[Data records]
______________________________
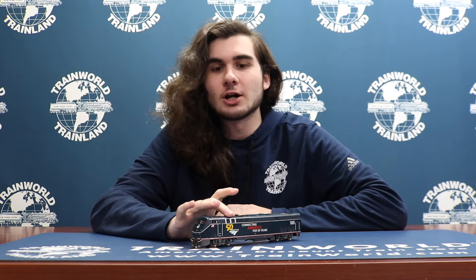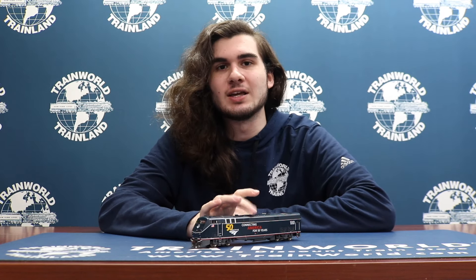Now my personal favorite detail of this model is the precision paintwork across the entirety of the locomotive. The 50th Amtrak logo is perfectly printed and the 'Connecting America for 50 Years' lettering is perfectly printed with no bleed whatsoever, and even the running number on the backside of the locomotive is perfectly printed and detailed.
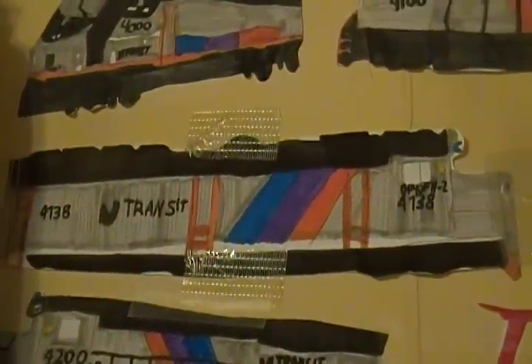Here's my PA 42 AC number 4000. Not one of my better ones, but I think I could have put on another windshield wiper in the front. It came out pretty good though. And my GP 40 FH-2 4138 — one of the ones still active.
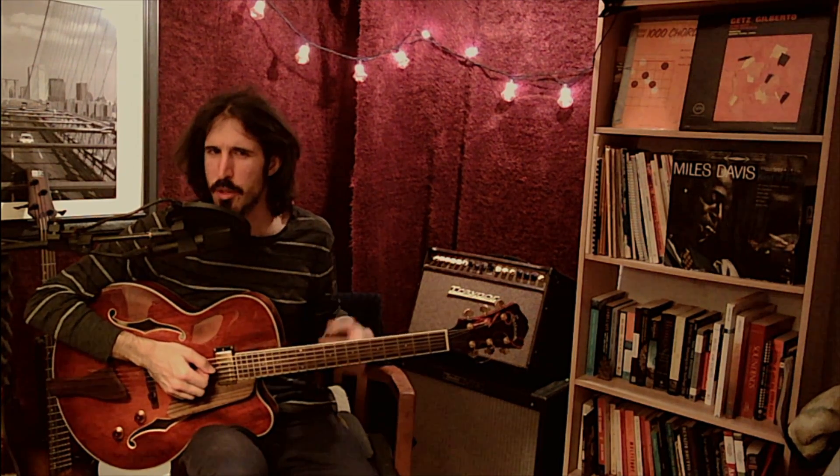Want to know the secret to getting started with scales on the guitar? It's going to be position, which is really the position of your hand on the fretboard. Let me show you what I mean.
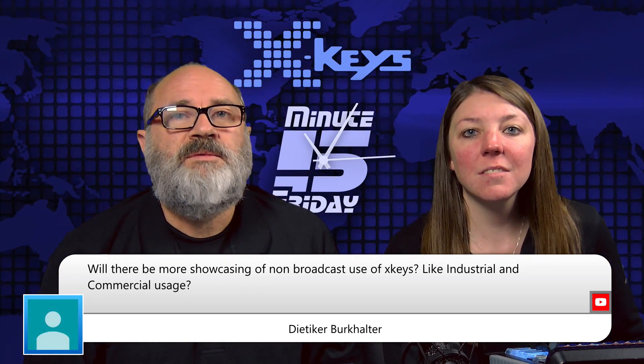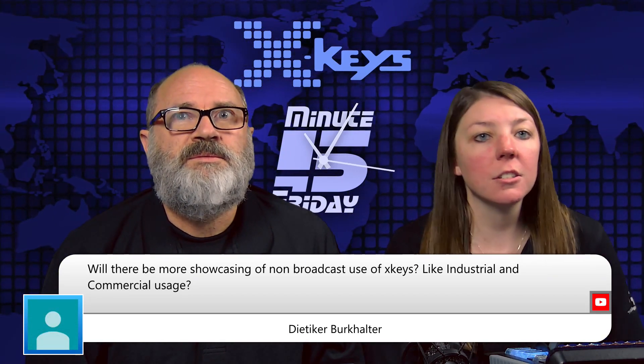Will there be more showcasing of non-broadcast uses of XKeys like industrial and commercial usage? Yeah, we try to mix it up. Obviously a lot of people know that our stuff is really good for live streaming and vMix, but we are trying to bring in more uses — like we had the counting cars guys on a little while back, and we had Mark with his X-Plane app for XKeys. There are a few more in the works that we'll be filtering in.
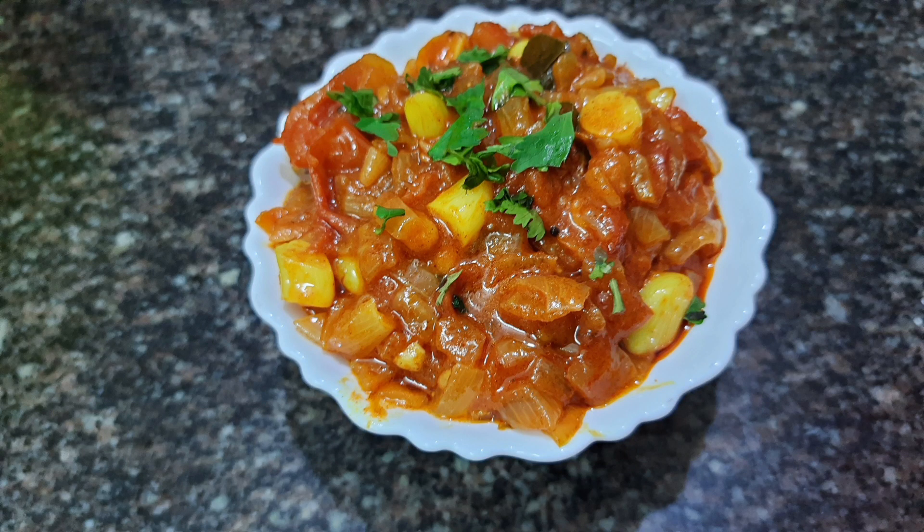Hi friends, welcome back to Mito Namata. In this video, I will try a very tasty taste of this curry.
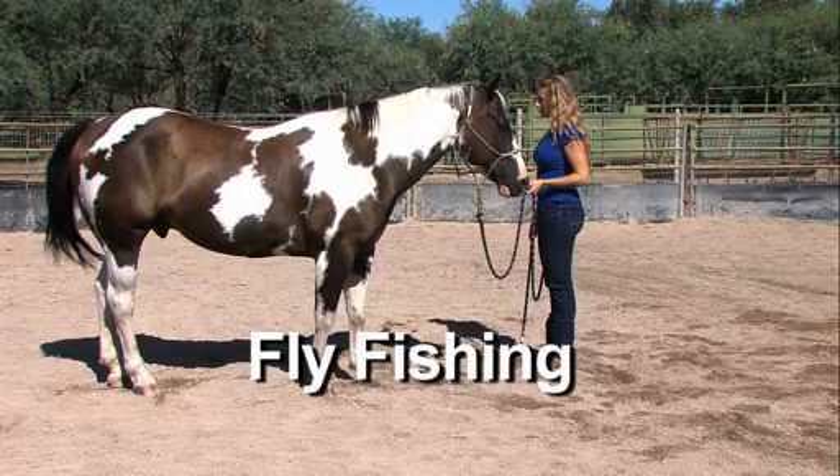We call this next exercise fly fishing. It teaches us to be aware of how much we lend our emotional energy to the world around us. We are responsible for charging the world with our emotion, or learning to drain all the energy out of it.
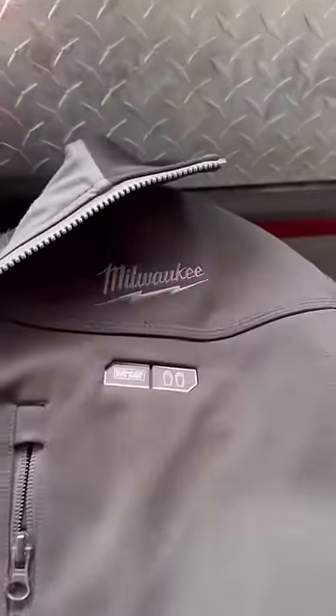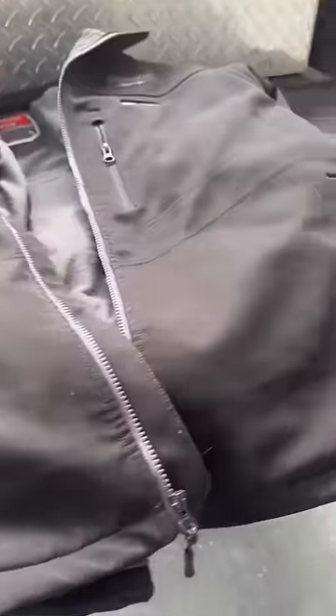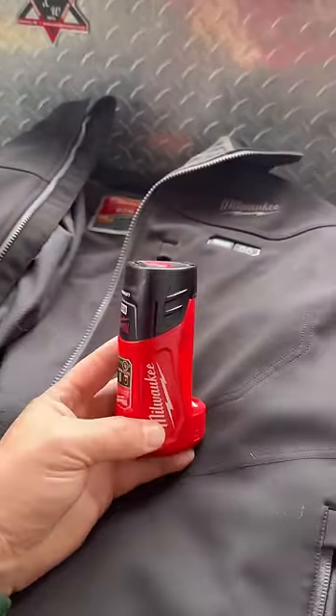This is a Milwaukee heated jacket. I've had it for a while — it's kind of dirty, but it's a great jacket. Keeps you warm. It runs on the Milwaukee battery.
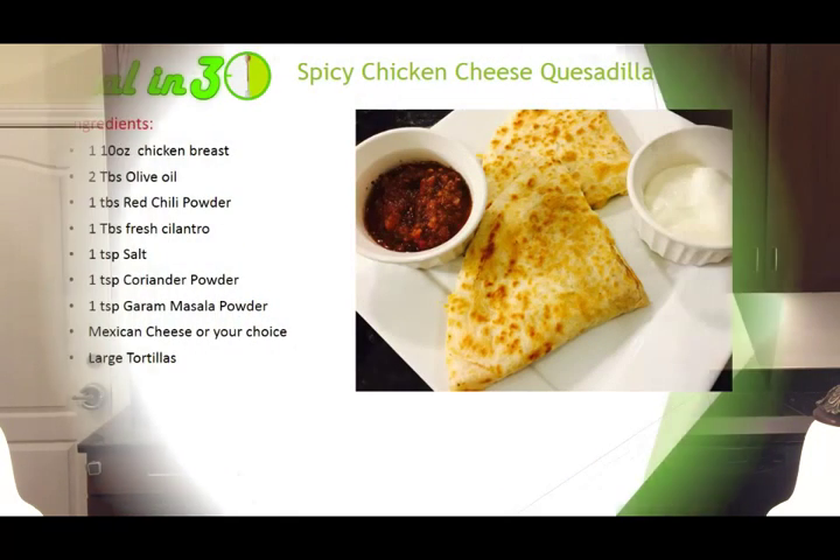Hi everyone and welcome to Halal Unthirty, I'm your host Fahad. This episode I'm dedicating to all the teenagers and aunties who are so sad and heartbroken because Zayn left One Direction. I'm going to make something so delicious that you're going to take one bite of this chicken cheese quesadilla and forget all about it. Here are the ingredients and let's get started.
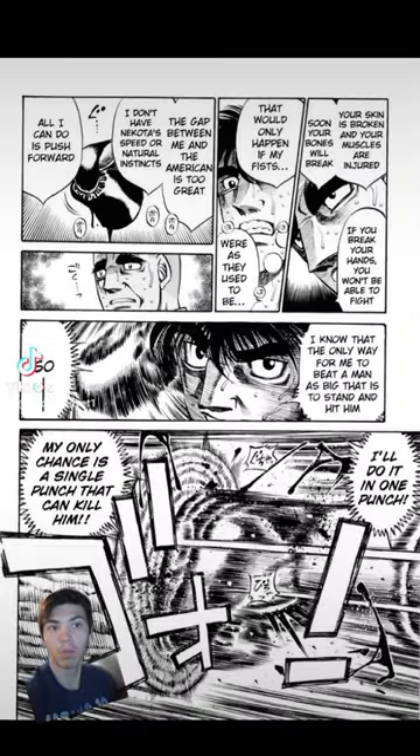Your bones act a lot like your muscles, in that much like working out creates micro tears in the muscle, repeated trauma causes micro cracks in the bone. Like muscle, the bone then heals and becomes bigger and stronger.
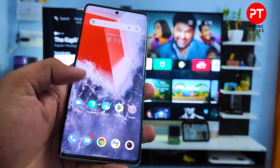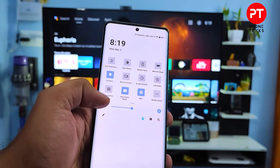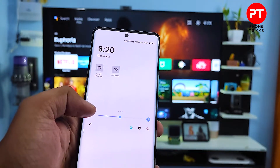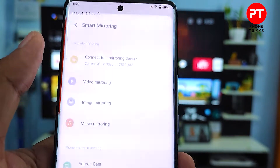First of all, you need to swipe down the quick panel, then swipe left. Again swipe left and you can find the option called Smart Mirroring. We need to open that.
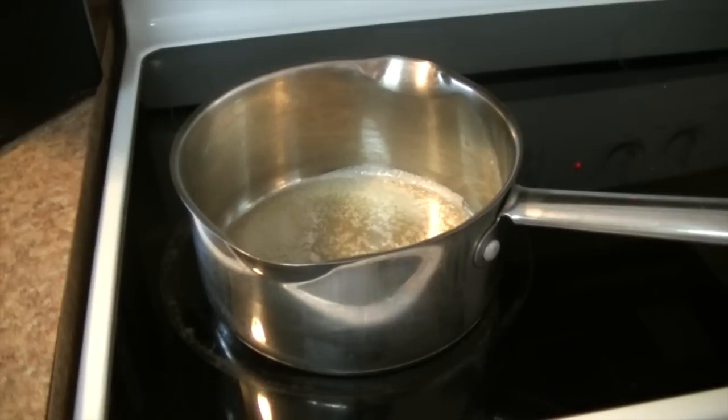Hey guys, it's me Stace for our Friday P.I.P. Pinterest inspired project. We are making rice crispy treats — one of my all-time favorite guilty pleasures.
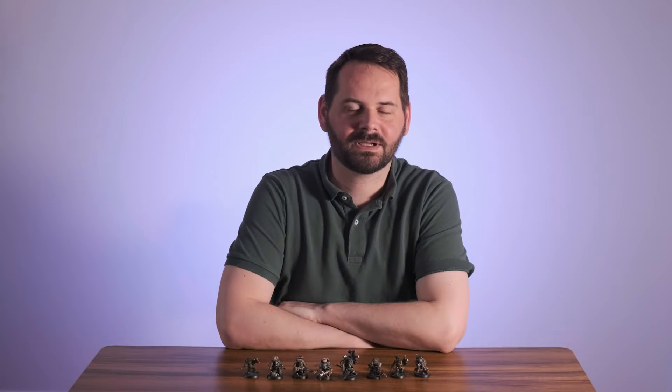Hello everyone, my name is Charlie, welcome to the channel. Today we are painting up a Sniperboy from the Orc Commando set.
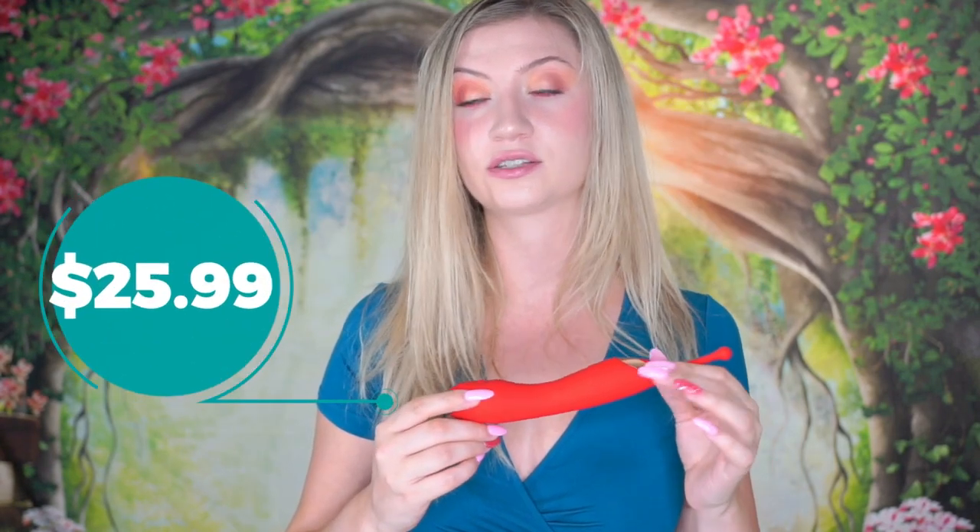I looked up the price on their Amazon store and it's only $25.99, which makes it a fairly affordable toy. That's going to do it for today, guys. If you like this toy and you want to order one for yourself, I will put the link in the description below. Thanks for watching — I'll see you next time.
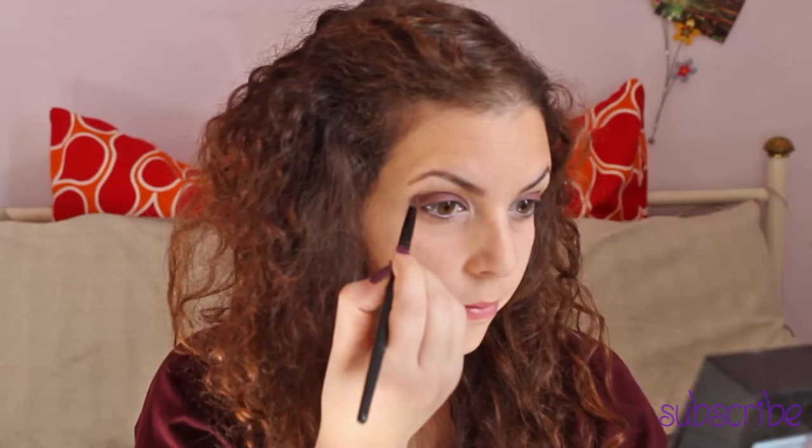If you don't have a primer to make your eyeshadows last longer, use a cream concealer instead. Now I choose my eyeshadow — this is a burgundy color and I'm blending it all over my eyelid. And to make my eye look brighter and bigger, I'm using a white eyeshadow in the inner corner.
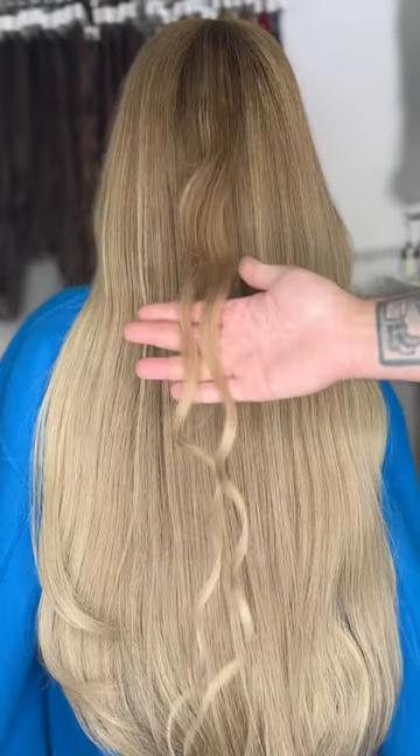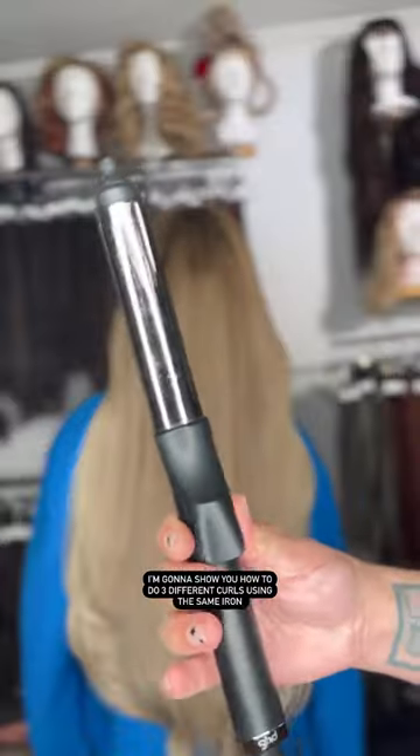Don't waste your money on a bunch of different curling irons. I'm going to show you how to do three different curls using the same iron.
______________________________
HOW TO COMPLETE THIS TASK:
All that is wanted is each line, word for word, from the first line of the data to the one holding "Will there be", with the pictures left out.

RESPONSE TO THE EXERCISE:
Now my personal favorite detail of this model is the precision paintwork across the entirety of the locomotive. The 50th Amtrak logo is perfectly printed and the 'Connecting America for 50 Years' lettering is perfectly printed with no bleed whatsoever, and even the running number on the backside of the locomotive is perfectly printed and detailed.
Here's my PA 42 AC number 4000. Not one of my better ones, but I think I could have put on another windshield wiper in the front. It came out pretty good though. And my GP 40 FH-2 4138 — one of the ones still active.
Want to know the secret to getting started with scales on the guitar? It's going to be position, which is really the position of your hand on the fretboard. Let me show you what I mean.
Will there be more showcasing of non-broadcast uses of XKeys like industrial and commercial usage? Yeah, we try to mix it up. Obviously a lot of people know that our stuff is really good for live streaming and vMix, but we are trying to bring in more uses — like we had the counting cars guys on a little while back, and we had Mark with his X-Plane app for XKeys. There are a few more in the works that we'll be filtering in.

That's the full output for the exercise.